Image-caption web data
※

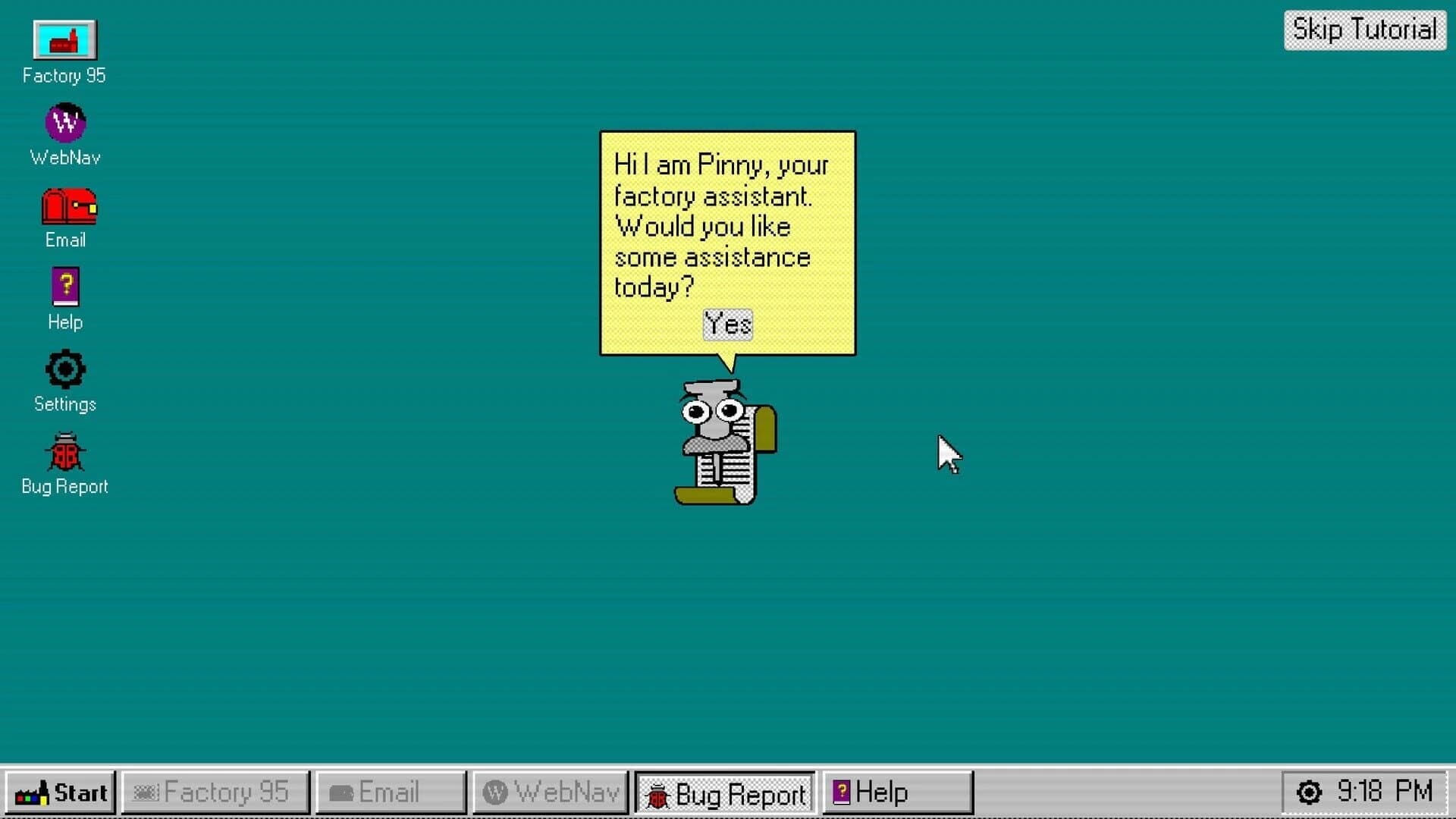 Factory 95 screenshot 2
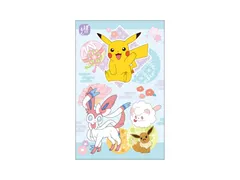 【送料込】ポチ袋 ポケモン/ポケットモンスター 計6枚 まとめ売り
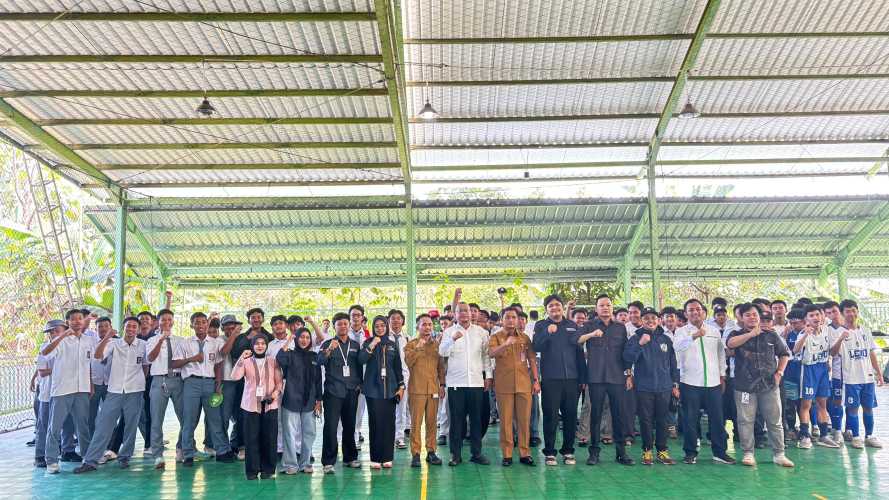 HIMAKOTAS FEST 2026 Resmi di Gelar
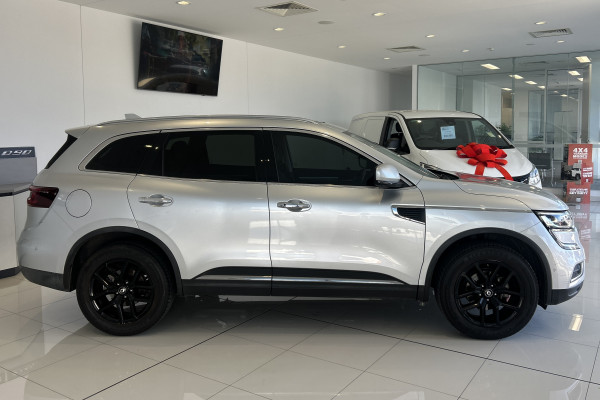 2018 Renault Koleos HZG Zen SUV Image 4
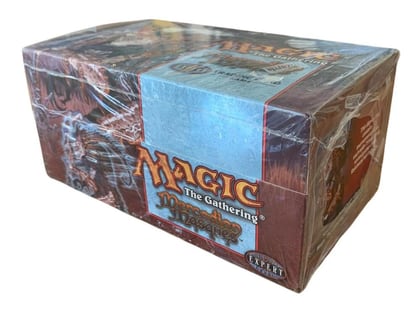 Mercadian Masques - Tournament Pack Display, Mercadian Masques P633387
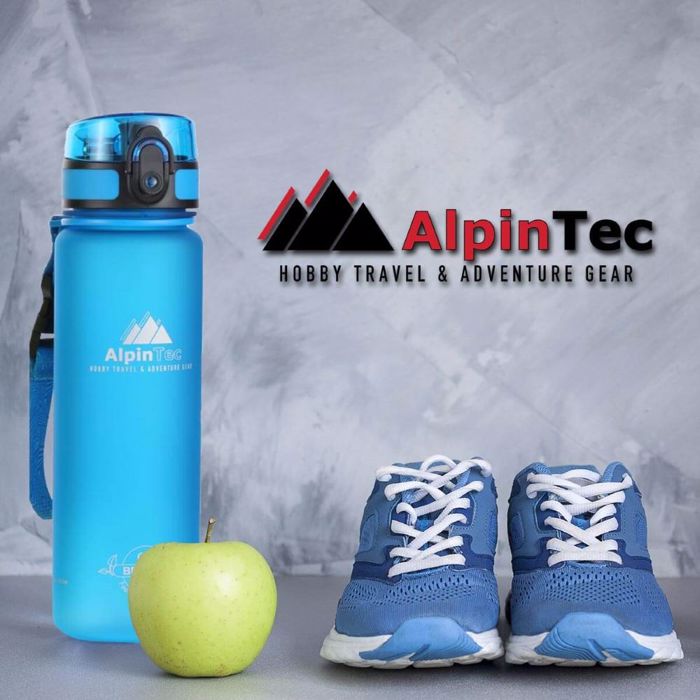 ALPIN TEC PAGuRI DIXROMO 500ML BLUE/YELLOW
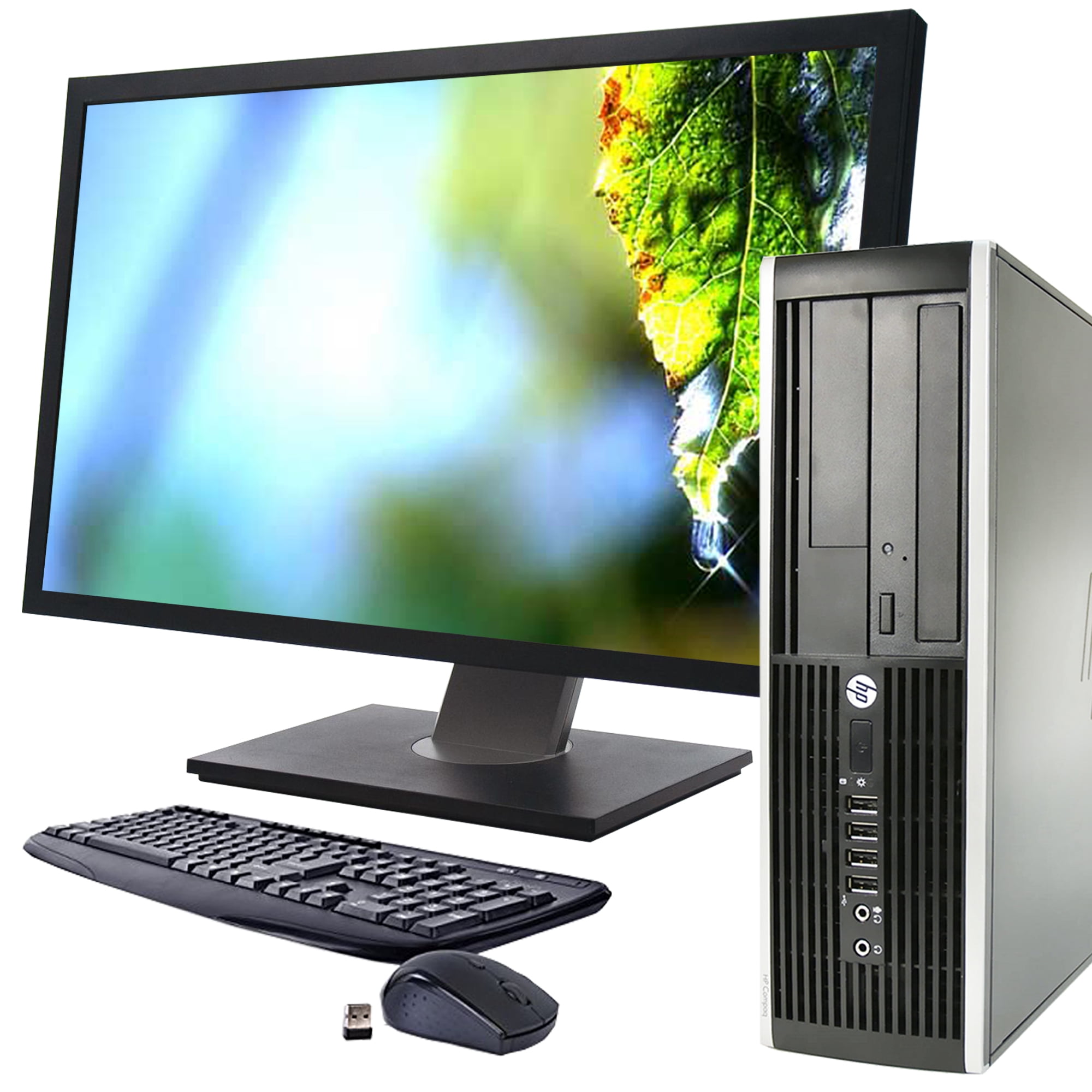 HP 6300 Professional Desktop Computer 16GB RAM 1TB HDD Windows 10 Home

※

Problem requirements
Could you write out every record exactly, leaving the pictures out?

Answer section
 Factory 95 screenshot 2
 【送料込】ポチ袋 ポケモン/ポケットモンスター 計6枚 まとめ売り
 HIMAKOTAS FEST 2026 Resmi di Gelar
 2018 Renault Koleos HZG Zen SUV Image 4
 Mercadian Masques - Tournament Pack Display, Mercadian Masques P633387
 ALPIN TEC PAGuRI DIXROMO 500ML BLUE/YELLOW
 HP 6300 Professional Desktop Computer 16GB RAM 1TB HDD Windows 10 Home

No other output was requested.